On September 15, 2020, the Financial Crimes Enforcement Network (“FinCEN”) published a Final Rule bringing banks that lack a federal functional regulator further under its purview. The rule subjects these institutions to minimum standards for anti-money laundering (“AML”) requirements, including a BSA officer, AML policies and procedures, and regular employee training, among other obligations. It also extends Customer Identification Program and beneficial owner requirements to these banks.

The banks subject to this new rule include state-chartered, non-depository trust companies; non-federally insured credit unions; private banks; and other non-federally regulated banks.
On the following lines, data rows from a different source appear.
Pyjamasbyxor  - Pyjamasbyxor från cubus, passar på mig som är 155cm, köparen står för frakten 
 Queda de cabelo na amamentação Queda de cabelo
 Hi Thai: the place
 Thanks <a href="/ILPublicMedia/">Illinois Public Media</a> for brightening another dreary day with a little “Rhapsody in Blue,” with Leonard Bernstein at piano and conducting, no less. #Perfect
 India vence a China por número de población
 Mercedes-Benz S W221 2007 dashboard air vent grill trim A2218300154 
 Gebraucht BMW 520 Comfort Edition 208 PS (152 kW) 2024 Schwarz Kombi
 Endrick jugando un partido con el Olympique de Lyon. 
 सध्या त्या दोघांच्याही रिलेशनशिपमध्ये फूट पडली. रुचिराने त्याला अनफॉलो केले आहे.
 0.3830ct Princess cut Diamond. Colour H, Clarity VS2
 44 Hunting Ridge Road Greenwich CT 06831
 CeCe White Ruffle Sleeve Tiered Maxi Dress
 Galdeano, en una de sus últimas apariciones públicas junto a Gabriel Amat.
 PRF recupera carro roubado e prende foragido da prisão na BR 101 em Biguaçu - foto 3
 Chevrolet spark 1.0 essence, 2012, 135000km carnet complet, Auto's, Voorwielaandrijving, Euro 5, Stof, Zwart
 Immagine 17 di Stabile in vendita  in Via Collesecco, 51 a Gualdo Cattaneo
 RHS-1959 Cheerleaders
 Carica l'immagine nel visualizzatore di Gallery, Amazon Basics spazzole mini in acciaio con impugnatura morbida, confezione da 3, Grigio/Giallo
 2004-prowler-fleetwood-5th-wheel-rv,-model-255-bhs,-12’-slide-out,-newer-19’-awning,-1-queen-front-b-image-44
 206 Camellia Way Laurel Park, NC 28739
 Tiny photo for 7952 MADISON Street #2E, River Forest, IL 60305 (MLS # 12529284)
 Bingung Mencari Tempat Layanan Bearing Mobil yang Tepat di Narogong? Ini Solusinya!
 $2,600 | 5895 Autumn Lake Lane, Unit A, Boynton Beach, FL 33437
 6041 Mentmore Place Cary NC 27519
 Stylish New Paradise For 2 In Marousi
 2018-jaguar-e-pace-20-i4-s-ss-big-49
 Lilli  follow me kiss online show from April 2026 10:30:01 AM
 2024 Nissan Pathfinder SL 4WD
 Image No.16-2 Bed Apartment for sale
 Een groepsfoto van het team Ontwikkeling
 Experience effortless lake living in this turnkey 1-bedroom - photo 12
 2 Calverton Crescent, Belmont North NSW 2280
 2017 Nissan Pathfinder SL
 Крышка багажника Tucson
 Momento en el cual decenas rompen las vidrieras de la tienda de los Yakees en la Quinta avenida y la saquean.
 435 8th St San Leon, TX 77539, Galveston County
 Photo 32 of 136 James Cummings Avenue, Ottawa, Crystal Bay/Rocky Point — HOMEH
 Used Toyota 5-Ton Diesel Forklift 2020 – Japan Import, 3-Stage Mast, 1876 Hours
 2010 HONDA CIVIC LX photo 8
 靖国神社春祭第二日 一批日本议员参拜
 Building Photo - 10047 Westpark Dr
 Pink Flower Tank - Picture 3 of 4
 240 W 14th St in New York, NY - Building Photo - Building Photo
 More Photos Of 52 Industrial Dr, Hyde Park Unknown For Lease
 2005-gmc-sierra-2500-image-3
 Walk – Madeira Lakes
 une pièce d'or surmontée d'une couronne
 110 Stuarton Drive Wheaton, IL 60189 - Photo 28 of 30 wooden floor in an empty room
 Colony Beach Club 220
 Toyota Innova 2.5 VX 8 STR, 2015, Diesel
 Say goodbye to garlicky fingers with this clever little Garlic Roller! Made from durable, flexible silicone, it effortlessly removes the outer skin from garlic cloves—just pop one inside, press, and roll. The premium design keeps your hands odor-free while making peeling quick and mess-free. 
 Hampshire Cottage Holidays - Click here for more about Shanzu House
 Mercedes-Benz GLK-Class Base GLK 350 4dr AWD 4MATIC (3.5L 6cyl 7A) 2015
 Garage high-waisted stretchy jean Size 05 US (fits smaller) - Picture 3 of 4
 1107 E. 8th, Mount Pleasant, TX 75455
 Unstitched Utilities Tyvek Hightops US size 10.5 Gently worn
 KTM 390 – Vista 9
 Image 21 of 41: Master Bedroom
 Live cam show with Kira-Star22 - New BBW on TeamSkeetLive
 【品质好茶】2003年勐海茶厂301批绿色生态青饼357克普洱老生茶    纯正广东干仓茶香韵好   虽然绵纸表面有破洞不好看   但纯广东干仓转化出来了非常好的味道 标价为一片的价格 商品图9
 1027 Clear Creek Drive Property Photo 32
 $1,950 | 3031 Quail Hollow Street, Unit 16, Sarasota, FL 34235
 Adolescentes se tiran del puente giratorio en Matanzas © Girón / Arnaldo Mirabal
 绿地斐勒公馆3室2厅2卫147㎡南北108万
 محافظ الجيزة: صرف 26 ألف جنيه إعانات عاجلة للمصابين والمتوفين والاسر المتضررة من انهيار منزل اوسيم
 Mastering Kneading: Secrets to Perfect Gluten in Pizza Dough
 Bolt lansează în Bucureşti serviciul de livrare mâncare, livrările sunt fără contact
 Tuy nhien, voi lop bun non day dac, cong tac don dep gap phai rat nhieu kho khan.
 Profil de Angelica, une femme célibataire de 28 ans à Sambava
The Rule, in accordance with the May 11, 2016 Customer Due Diligence Final Rule, requires minimum standards for AML programs “to ensure that all banks, regardless of whether they are subject to Federal regulation and oversight, are required to establish and implement written AML programs, including conducting ongoing customer due diligence, and to identify and verify the identity of the beneficial owners of their legal entity customers.”

FinCEN issued this rule because the gap in AML coverage between banks with and without a Federal functional regulator “presented a vulnerability to the U.S. financial system that could be exploited by bad actors . . . .” Accordingly, by implementing this Rule, FinCEN stated in its press release that it has eliminated the existing AML program exemption for banks without a Federal functional regulator in an effort to “ensure [BSA] coverage across the banking industry.”

The Rule will take effect on November 16, and institutions will have 180 days from the day the Final Rule was published to comply with it. Banks subject to the new rule must act now to ensure they have a robust and compliant AML program in place to meet the Rule’s requirements by the compliance deadline of March 15, 2021.